The strategic framework streamlines Bank-wide public-private partnership efforts across various departments and provides guidance on financial instruments and resources. It recommends a selective approach to operations and markets, based on the Bank’s comparative advantage in Africa’s infrastructure sector, its convening power on the continent, and the level of maturity of the different markets respectively.

According to the framework outlines, the Bank’s Private Sector, Infrastructure and Industrialization Complex will coordinate the implementation of the framework over a 10-year period, starting in 2022.

Commenting on the strategic role of the Complex, Vice President of the Complex, Solomon Quaynor, said the framework would enable African countries to scale up private sector investment in the economic sector, including transport, energy, and ICT, and the social sector, including healthcare and education.

Quaynor explained the Complex will also ensure better debt sustainability and management, innovation and efficiency, and enhance the competitiveness of their economies.

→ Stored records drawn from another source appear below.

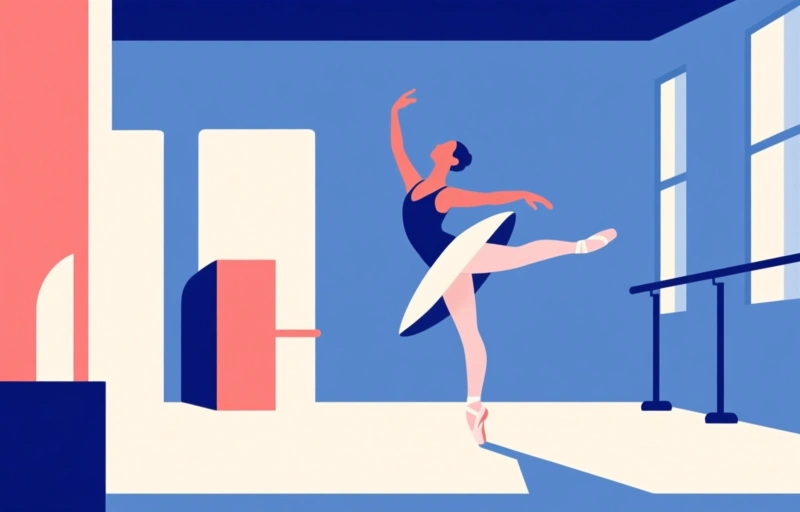 From Layoff to Leap: A Chicago Dancer's Studio Success Story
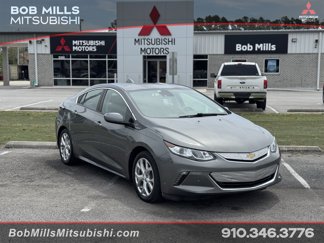 Used 2017 Chevrolet Volt Premier w/ Driver Confidence II Package image 1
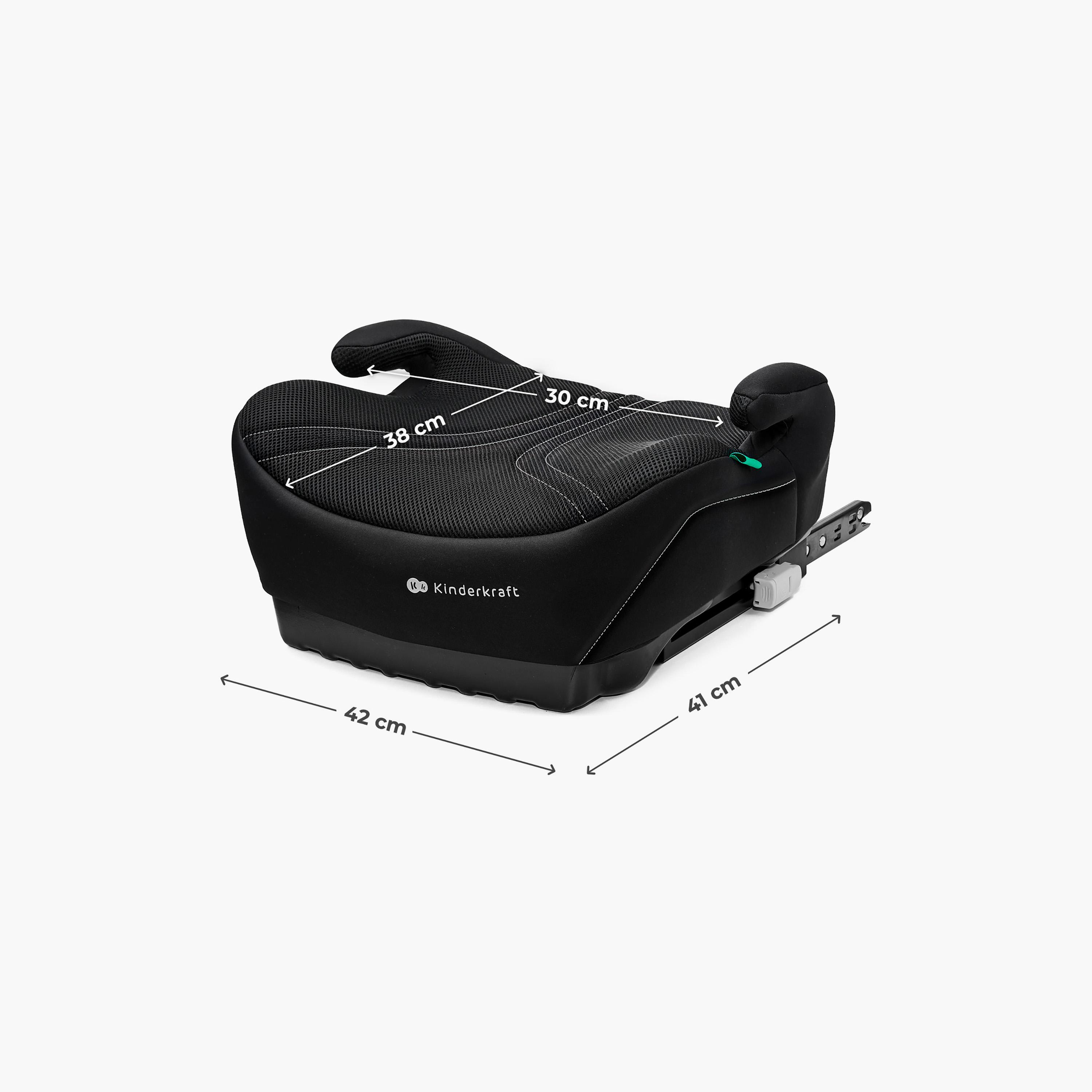 Kinderkraft Fotelik Samochodowy I-Boost 2 Pro Car Seat-baby-gear-carseats-image-5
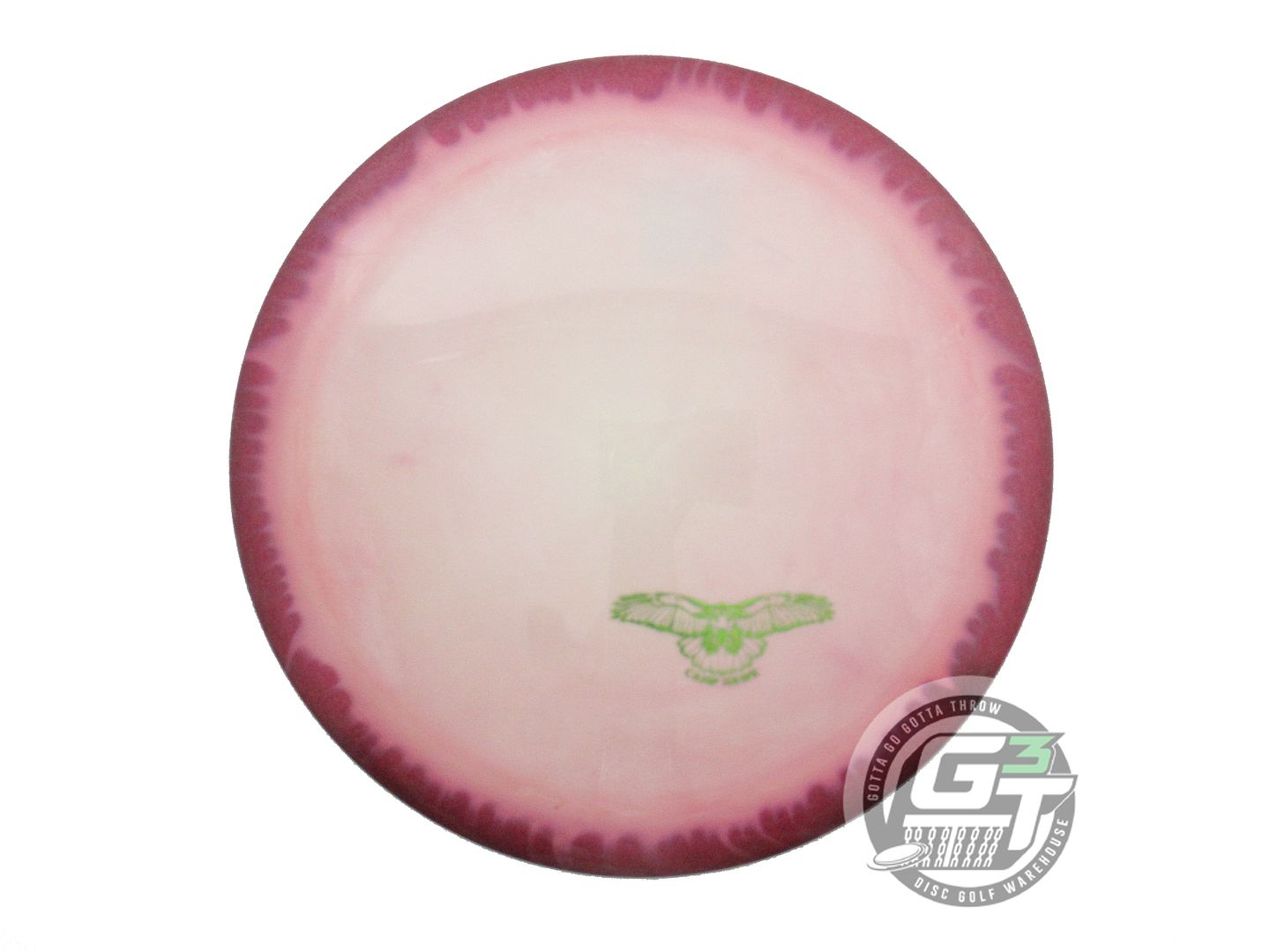 USED Millennium Helio Sirius Scorpius 178g Magenta-Cream Distance Driver Disc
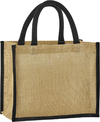 Westford Mill MIDI nakupovalna vrečka iz jute W473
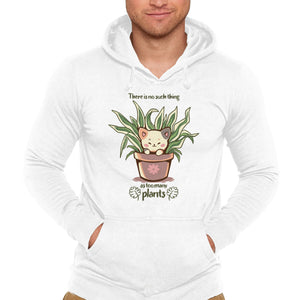 No Such Thing As Too Many Plants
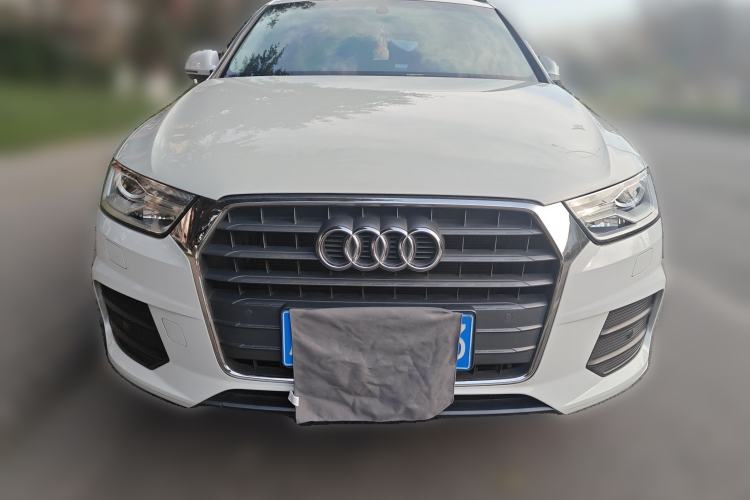 Used Audi Q3 2017 35 TFSI Fashion Model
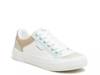 Cheery Blocked Sneaker - Women's White/Multicolor view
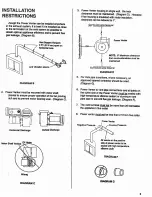 Предварительный просмотр 5 страницы Insta-Flame PVS-1 Installation And Operating Instructions Manual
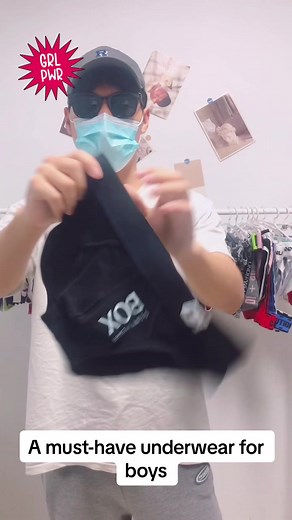 Stylish Men's Underwear: Unboxing and Summer Fashion Haul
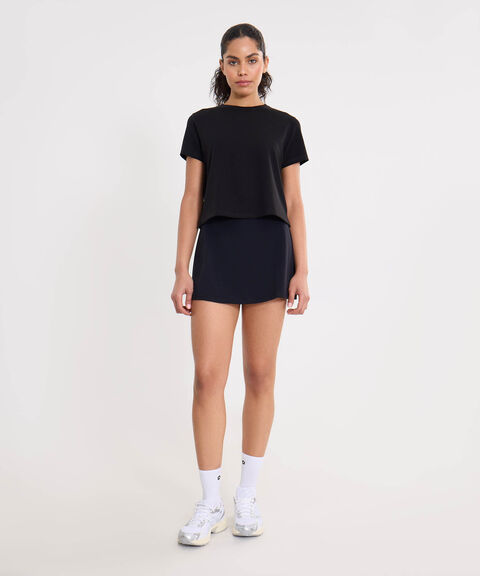 Falda Para Mujer Negro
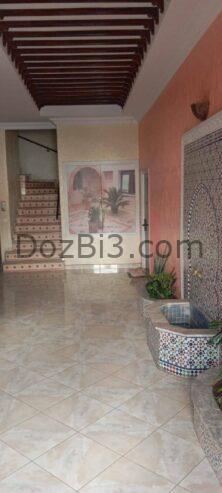 Appartement à louer sur kbibat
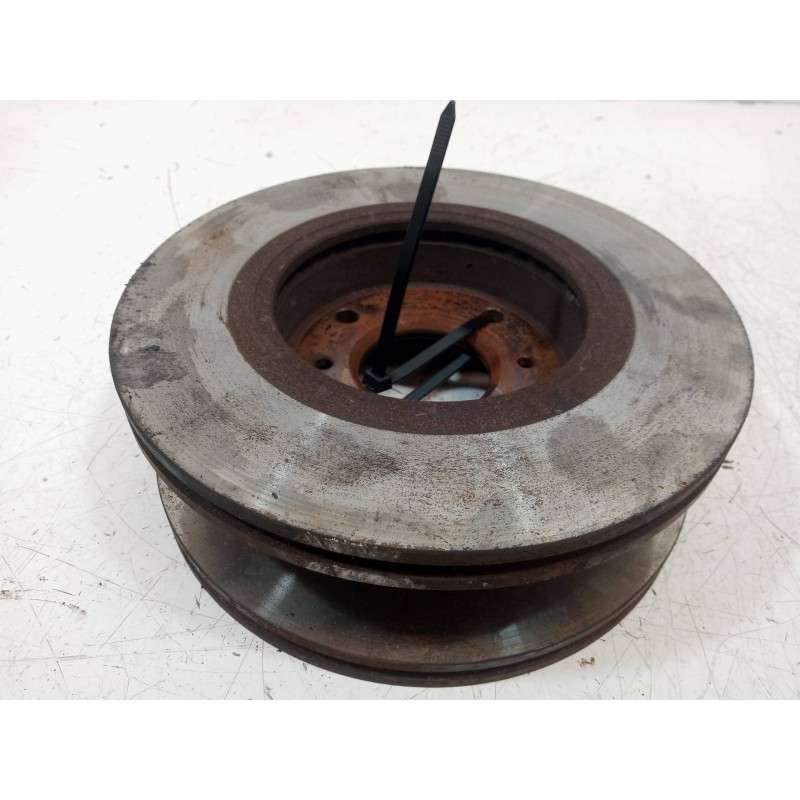 Recambio de disco freno delantero para nissan almera (n16/e) acenta referencia OEM IAM Recambio de disco freno delantero para nissan almera (n16/e) acenta referencia OEM IAM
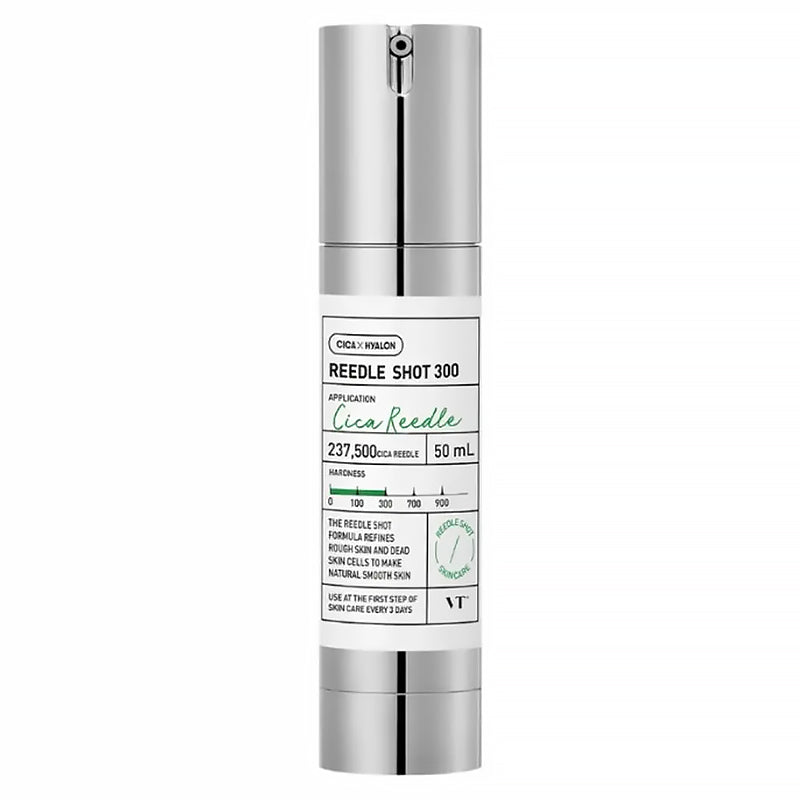 VT Cosmetics Reedle Shot 300 – Soin visage lissant 50 ml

He clarified: “The current global and African context, widening infrastructure gap and limited fiscal space, due to the Covid-19 pandemic, among other factors, builds a strong case for the Bank to scale up its support for public-private partnerships, to crowd in more private sector investment in both economic and social infrastructure, and provides a foundation for the Bank to become a leading voice and financier of public-private projects in Africa”, the development banker added.

In rolling out the strategic framework, the Bank will engage clients and partners and begin dialogue with member countries to identify priority areas.